Physically battered, emotionally devastated and financially ruined by her 20-year relationship with Ike Turner, she became a superstar on her own in her 40s, when most of her peers were on their way down, and remained a top concert draw for years after.
“How do we say farewell to a woman who owned her pain and trauma and used it as a means to help change the world?” said Angela Bassett, who played Tina Turner in the 1993 biopic What’s Love Got to Do With It.
Photo: AFP
Her trademarks included a growling contralto that might smolder or explode, her bold smile and strong cheekbones, her palette of wigs and the muscular, quick-stepping legs she did not shy from showing off.

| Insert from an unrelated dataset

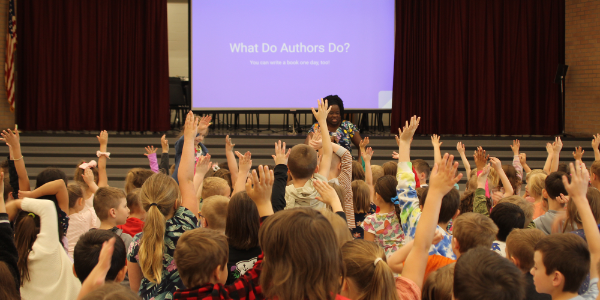 visiting author with students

She sold more than 150 million records worldwide, won 12 Grammys, was voted along with Ike Turner into the Rock and Roll Hall of Fame in 1991 — and on her own in 2021 — and was honored at the John F. Kennedy Center for the Performing Arts in 2005, with Beyonce and Oprah Winfrey among those praising her.
Her life became the basis for a film, a Broadway musical and an HBO documentary in 2021 that she called her public farewell.
Until she left her husband and revealed their back story, she was known as the voracious on-stage foil of the steady-going Ike Turner, the leading lady of the Ike and Tina Turner Revue.
Ike Turner was billed first and ran the show, choosing the material, the arrangements and the backing singers.
As she recounted in her memoir, I, Tina, Ike began hitting her not long after they met, in the mid-1950s, and only grew more vicious. Provoked by anything and anyone, he would throw hot coffee in her face, choke her, or beat her until her eyes were swollen shut, then rape her.
She credited her Buddhist faith in the mid-1970s with giving her a sense of strength to leave him in July 1976. The Ike and Tina Turner Revue was scheduled to open a tour marking the country’s bicentennial when Tina Turner left their hotel room, with just a Mobil credit card and 36 cents, while Ike Turner slept.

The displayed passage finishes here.